Wenn man einen solchen Hackepeter einfriert, ist das Ganze dann nach dem Auftauen nicht trocken?


----------



## Naturliebhaber (16. März 2014)

*AW: Einfluss des Einfrierens auf Grätenauflösung*



j.Breithardt schrieb:


> Wenn man einen solchen Hackepeter einfriert, ist das Ganze dann nach dem Auftauen nicht trocken?



Also ich wohne ja in einer typischen Karpfengegend (Aischgrund). Hier friert jeder Karpfen ein und geschmacklich sind die nach dem Auftauen einwandfrei.

 Was meinst du mit Hackepeter? Das Karpfenfilet? Ich bin großer Fan davon. Man muss nur wissen, wie man es zubereitet.

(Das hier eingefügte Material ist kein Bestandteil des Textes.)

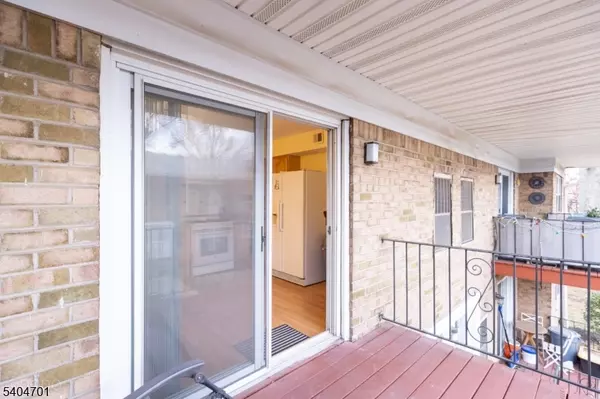 Edison Twp., NJ 08837,187 Evergreen #4B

 Meine Kids schwören auf Karpfenchips: 2mm-Stücke durchschneiden, in einer Mehl/Salz-Mischung wenden und kurz in siedend heißes Öl. Genial!
 Bekommt man hier sogar auf ländlichen Weihnachtsmärkten. Damit verdienen sich die Fischereivereine ein paar Euro und die Leckereien sind ruck-zuck ausverkauft.


----------



## Naturliebhaber (16. März 2014)

*AW: Einfluss des Einfrierens auf Grätenauflösung*



antonio schrieb:


> auch gräten haben einen gewissen wasseranteil.
> durch das einfrieren werden hier auch gewiss strukturen zerstört.
> dies könnte die ursache sein.
> 
> antonio



Klingt plausibel.


----------



## j.Breithardt (16. März 2014)

*AW: Einfluss des Einfrierens auf Grätenauflösung*

Was meinst du mit Hackepeter? Das Karpfenfilet? Ich bin großer Fan davon. Man muss nur wissen, wie man es zubereitet.

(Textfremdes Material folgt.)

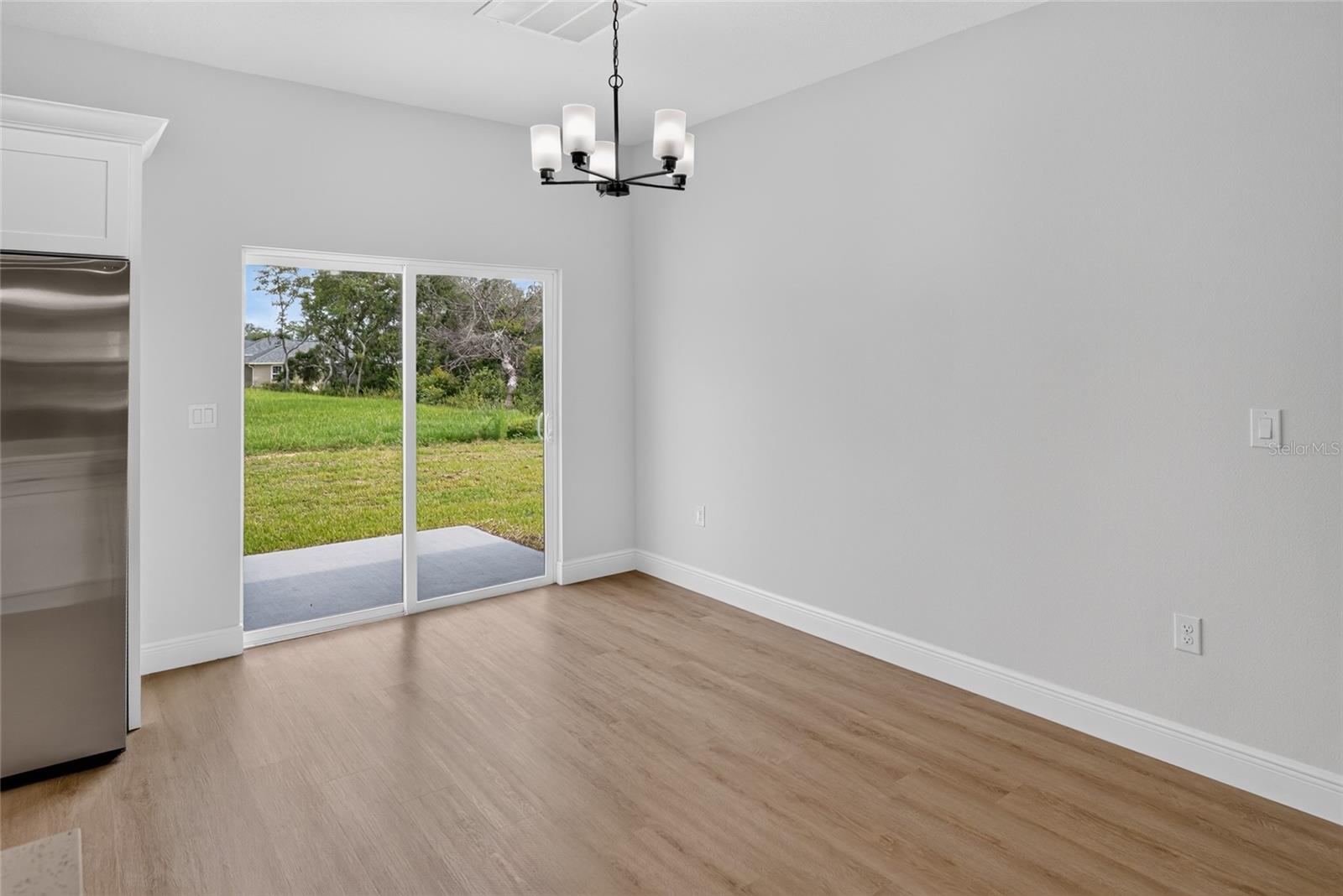 MARION OAKS - Residential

Ich meine die eingeschnittenen Filets. Durch die vielen Schnitte darin könnte zumindest m.M.n. ein größerer Flüssigkeitsverlust eintreten.#c
Den Fisch in Ganzen einzufrieren halte ich für bedenkenlos.


----------



## Heilbutt (16. März 2014)

*AW: Einfluss des Einfrierens auf Grätenauflösung*



Naturliebhaber schrieb:


> Hallo zusammen,
> 
> wenn ich frische Karpfenfilets zubereite und die Gräten alle 2mm durchschneide, spüre ich die kleinen Grätenteile beim Essen immer noch.
> Ich bilde mir ein, dass dies nicht mehr der Fall ist, wenn die Filets zuvor einige Tage/Wochen eingefroren waren.
> ...



Hallo, das Problem mit den Grätenstücken kenn ich.
Allerdings dachte ich das es dieses beim zerstückeln auf nur 2 mm nicht gibt?!?!
Ich habe mir extra mal so einen (in der Gegend wo du lebst kennst du den bestimmt) "Grätenschneider" aus Edelstahl nachgebaut.

Die Abstände zwischen den Schneidrädern betragen ca. 3 mm.
Bisher dachte ich immer dieser Abstand sei vielleicht zu groß.
Ich schiebe die Filets oft mehrmals, um je 45° versetzt, da durch, und spüre beim essen trotzdem oft noch die Grätenstücke.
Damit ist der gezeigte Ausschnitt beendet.